I would like to understand how to solve the examples like that ? What I need to do if the sample contains Integer.MIN_VALUE (Integer.MAX_VALUE) ?

Answer 1

The shift operator (y << x) just shifts the bits of y to the left by 'x' places. The right-most bit becomes 0. The >> operator shifts to the right, and the value of the left-most bit (the sign bit) is copied into the new left-most bit.

To work out your answer you need the bit pattern for the initial value (Integer.MIN_VALUE) and then do the operations to get the resulting bit pattern. You can then convert that back to a decimal value.

Answer 2

Well, you could just follow short tutorial http://docs.oracle.com/javase/tutorial/java/nutsandbolts/op3.html

In a nutshell, by doing << (left shift) you move binary representation of your number to the left
i.e. if x = 0b0010, then x << 1 becomes 0b0100, new 'zero' bit is appended to the right.
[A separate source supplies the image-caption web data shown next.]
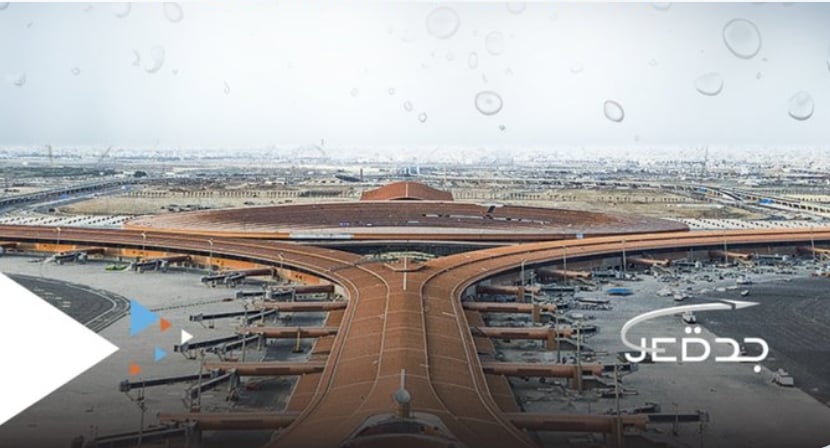 مطار الملك عبدالعزيز يدعو المسافرين للتواصل مع شركات الطيران بسبب الحالة المطرية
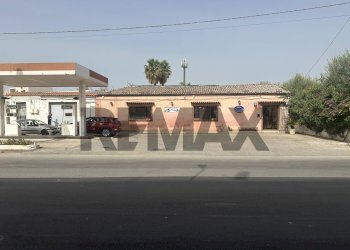 Casa all\'aperto - Commercial Premises via santa lucia
52, Avola - photo 16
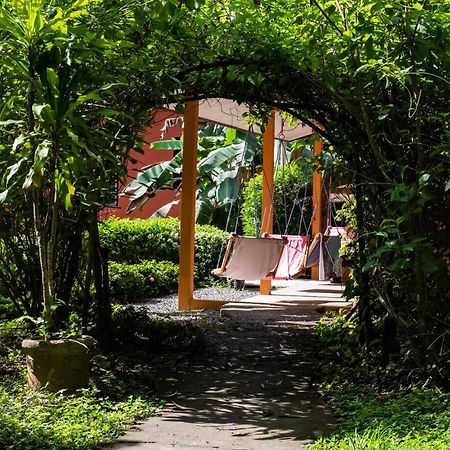 Jungle Lodge At Wild Sun Rescue Center Cabuya  Экстерьер фото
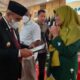 Gubsu Edy Rahmayadi didampingi Ketua BKOWSU Hj.Fahrizar Iskandar Hasibuan menyerahkan plakat penghargaan kepada Dra.Hj.Solhiyah Yunus diberikan saat HUT ke 52 di Aula Tengku Rizal Nurdin. Waspada/Anum Saskia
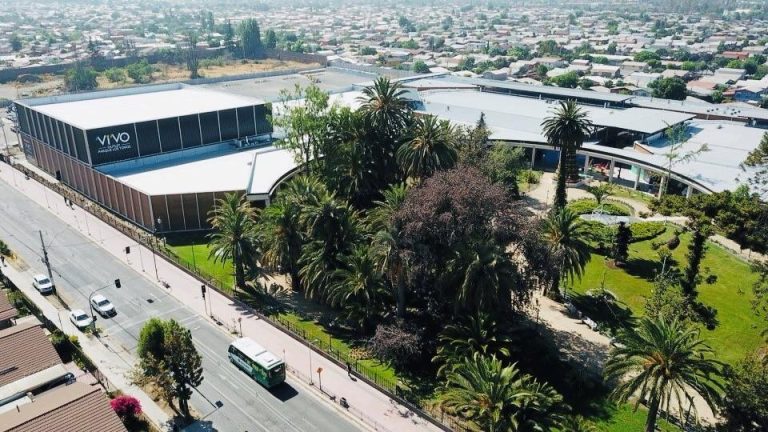 Con histórico parque integrado al proyecto: Inauguran VIVO Outlet Parque Los Toros en Puente Alto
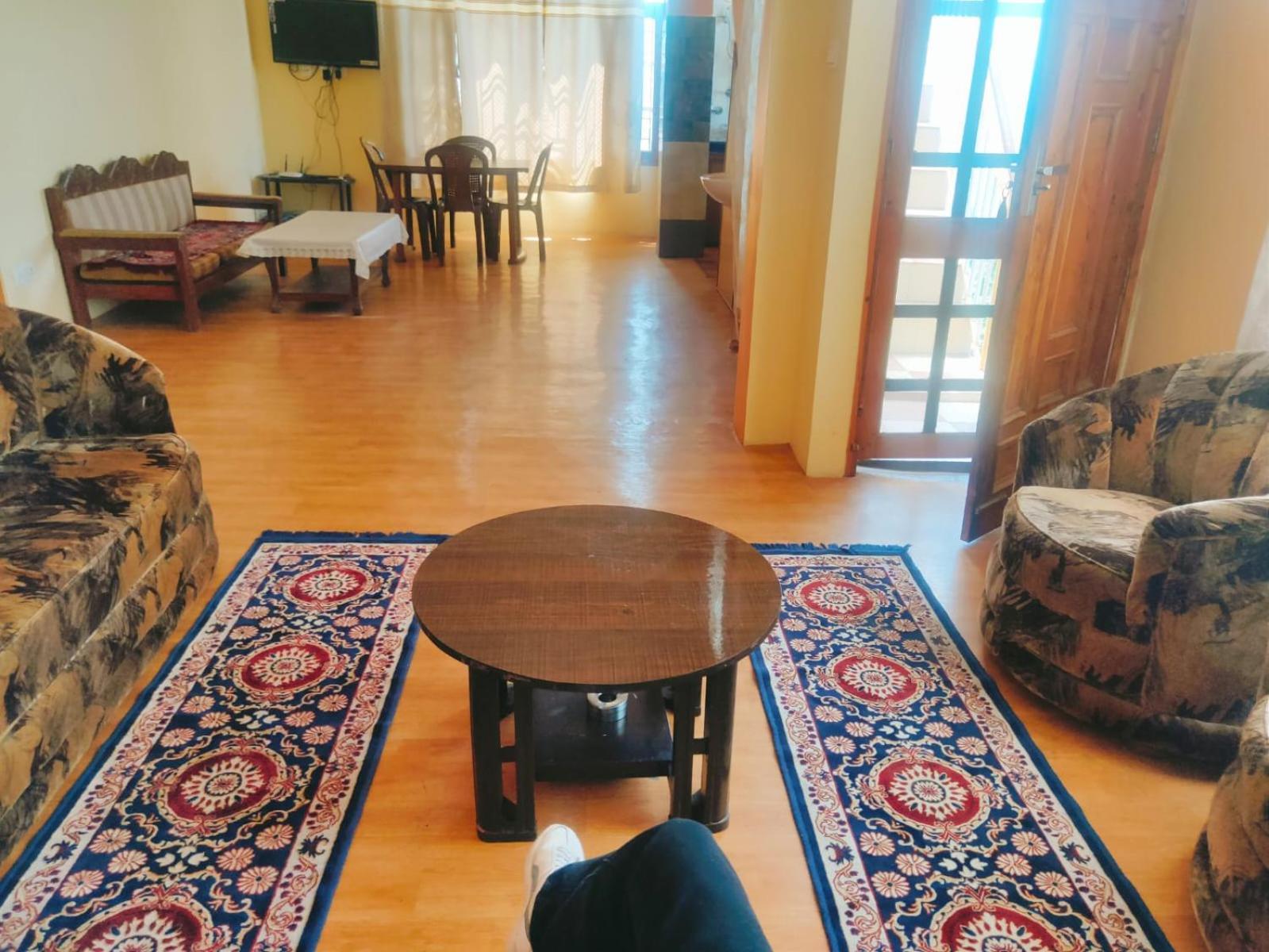 Thakur Apartment Simlá Kültér fotó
Similarily, for right shift : if x = 0b1010, then x >> 1 becomes 0b1101, rightmost bit dissapears, new 'one' bit (depends on value of leftmost bit) is appended on the left.

You need to find out binary representation of Integer.MIN_VALUE to resolve your puzzle, which should not be very tricky.

Answer 3

If you're trying to understand how the bit shift operators work, I would suggest two things:

• First, read some guides on what they do: here and here for example.
• Write some code and look at the output. That way you can see how bit shift operators actually affect values like Integer.MIN_VALUE and Integer.MAX_VALUE.

Answer 4

The min-value is represented as 10000000000000000000000000000000. It's 32 1's. For clarity, let's pretend we're working with only 4 bits. In this case, the MIN_INT would be 1000. This will apply to 32 bits as well.

We then want to left shift << by 1, which would shift all the bits over to the left by 1 position. Thus, 1000 would become 0000. This is like multiplying by two (although in this case we get overflow!),

Then we want to right shift '>>' by 1, which would shift all the bits to the right by 1 position. In this case, it would become 0000 as the sign bit is replicated when you right shift. If it was 1111 it would become 1111. This is like dividing by two, except in some cases, as you must be weary of the sign bit copying over.